As Arundhati Roy stated so eloquently, “The trouble is that once you see it, you can’t unsee it. And once you’ve seen it, keeping quiet, saying nothing, becomes as political an act as speaking out. There’s no innocence. Either way, you’re accountable.”
Biblical justice demands that we develop enough character to resist dismissing problematic prejudices as “differences of opinion”, and “agreeing to disagree” about issues that cost human lives. Biblical justice impresses upon us the notion that issues don’t go away, simply because we put them out of sight or mind, and that either ourselves or our loved ones could be the next targets of the injustices we remain silent about. Biblical justice also matures our perspective on conflict enough to see that neutrality is not civil or peaceful at all, whenever it requires avoiding healthy, necessary confrontation, or pretending we don’t see the injustice right in front of our faces. Avoidance only delays the inevitable. Biblical justice helps us realize that, in fact, it’s the lack of definitive clarity about the parameters of evil that enable people to pretend more indignant, truthful and vocal people are just overreacting about how urgent the need to redress brutality and exploitation really is.
My first call to action for Black Christians is to destigmatize and reframe the anger and moral indignation that you feel about unfairness. Anger is not a ‘bad’ emotion. It’s actually one of the most illuminating, as it clues us into what we see as worthy of defending and protecting as sacred. We’ve only been conditioned to believe that anger is always and only ‘bad’, because numbing and repressing our anger serves the best interests of elites who control our society’s dominant power structures. So, I urge you to consider what it looks like to channel anger constructively into social change. Could you bring yourself to actually acknowledge that you’re also fed up, instead of glorifying one-dimensional depictions of Jesus as a martyr who always turned the other cheek, when he also flipped tables for economic justice?

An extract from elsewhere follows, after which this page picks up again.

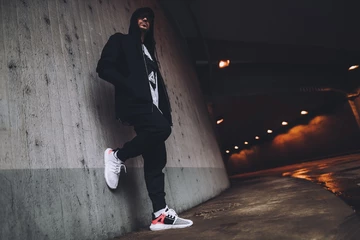 Outfit: adidas XbyO x adidas EQT 93/17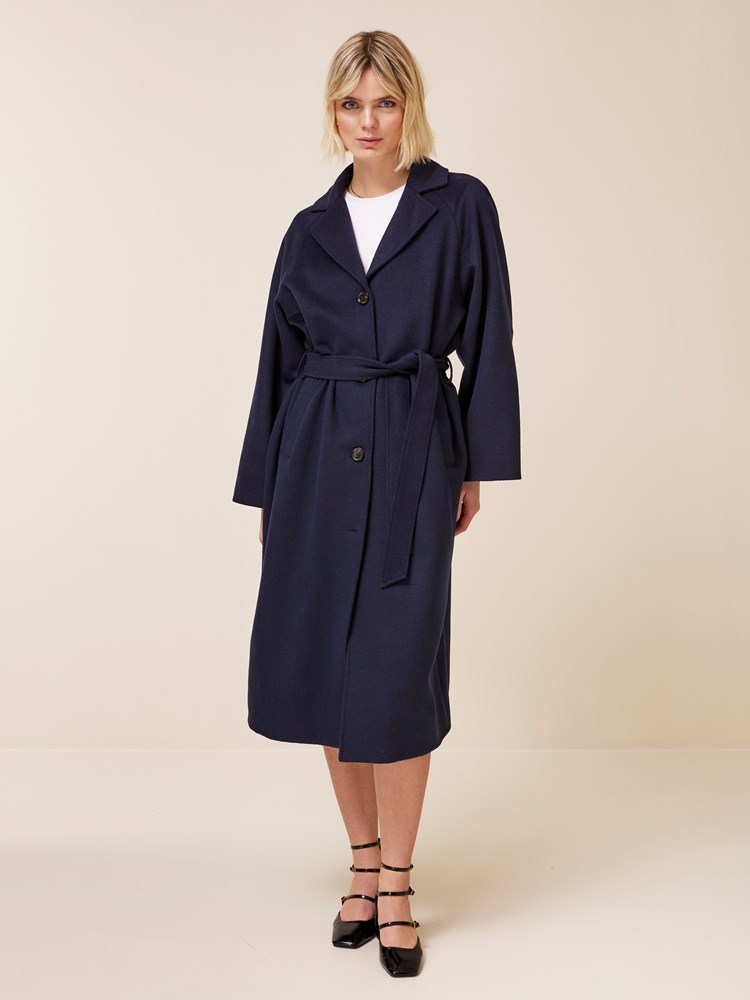 Betzy kåpe 7508216_EM6_Jean Paul_Betzy Kåpe_A24 (1)_Betzy kåpe EM6 7508216.jpg_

I also urge you to rebuke complacent denial, political disengagement, and non-action, in a time when we should all be actively engaged in this global movement for equity, justice and liberation. That starts with balancing the idea that God is in control, with the idea that God also has vested power in us to transform our lives and society for the better. Moreover, be mindful of talking yourself out of proactive-ness, by not owning your own choices or inaction, and instead leaving everything up to “God’s plan” or “God’s will”. What acts of tikkun olam––the Jewish principle of “repairing the world”––can you contribute to society, or even do to empower yourself and propel your life forward? How can you strive to couple prayer with informed, purposeful action, instead of settling for the world’s wickedness, just because the afterlife promises you paradise?
And most importantly, understand that your theological commitment to justice will sometimes look like disrupting the peace, as a means to an end, which may also entail pushing yourself to get comfortable with assertiveness and healthy, constructive confrontation. You will feel out of your element at first, and you will want to quit, but as the Talmud so wisely advises, “You are not obligated to complete the work, but neither are you free to abandon it.”
It has never been more urgent that Black Christians embrace Biblical justice as an integral part of faith. If you have yet to unlearn the cognitive dissonance between activism and faith, start by reframing active citizenship and political engagement, as spiritually-fulfilling duties, not secular, worldly paths away from God. Rethink activism as a holy pursuit, instead of an ulterior motive. Indeed, many of the “personal issues” which we pray about are actually political issues that activists work on tirelessly. Thus, championing equity, justice, and liberation, sometimes fiercely––and not just waiting for divine intervention — is the epitome of being moved by the Spirit.